To get everything to work smoothly, AT&T will have to introduce new radios in the cell phones themselves, she said.

LOCALS WEIGH IN

Robert Phillips, executive director of the Chattanooga Technology Council, said that much of the concern over the loss of competition is overwrought.

"I really feel there's plenty of competition on telecommunications right now," Phillips said. "[British entrepreneur] Richard Branson is launching Virgin Mobile and Cricket [Wireless] is doing something unique with unlimited music downloads."

Plus, opponents are forgetting the new opportunities that could result for small businesses, he added, when the larger AT&T turns to private contractors for some functions to improve efficiency.

Stephen Ruf, a communications professor at Southern Adventist University, surveyed a class and found that only one of his 16 students subscribed to T-Mobile.

"I just know when I was a T-mobile customer, I enjoyed their customer service but you didn't have to go very far up I-75 to lose signal," he said.

T-Mobile consumers will be eligible to order the coveted Apple iPhone now, but the real merger problems aren't directly about consumers at all, despite claims to the contrary, he said.

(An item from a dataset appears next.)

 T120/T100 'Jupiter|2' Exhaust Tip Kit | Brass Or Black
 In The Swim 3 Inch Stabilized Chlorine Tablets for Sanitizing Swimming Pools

It's more about the larger-scale issues of bandwidth and rural coverage, he said.

"Relevant to East Tennessee, we certainly have pockets left without service," he said.

Rather than reducing choice, the extended service area promised by AT&T would bring choice to rural customers who currently have none, Ruf said.

Overall, the deal will likely be "a good thing" for Chattanooga area customers, said Alan Field, head of SurfN Development Corp.

"From a computer science point of view, this doesn't represent a 'Ma Bell'; this represents pushing technology forward," Field said. "People can trust the technology more when you see the big guy upgrading infrastructure."

But will innovation come at a higher cost? Field doesn't think so.

"I don't think prices will go up or down," he said. "I think prices are set based on what the market will bear. It's going to hold where it is and you're going to get more for that money."

Verizon declined to comment for this story.

The Associated Press contributed to this report.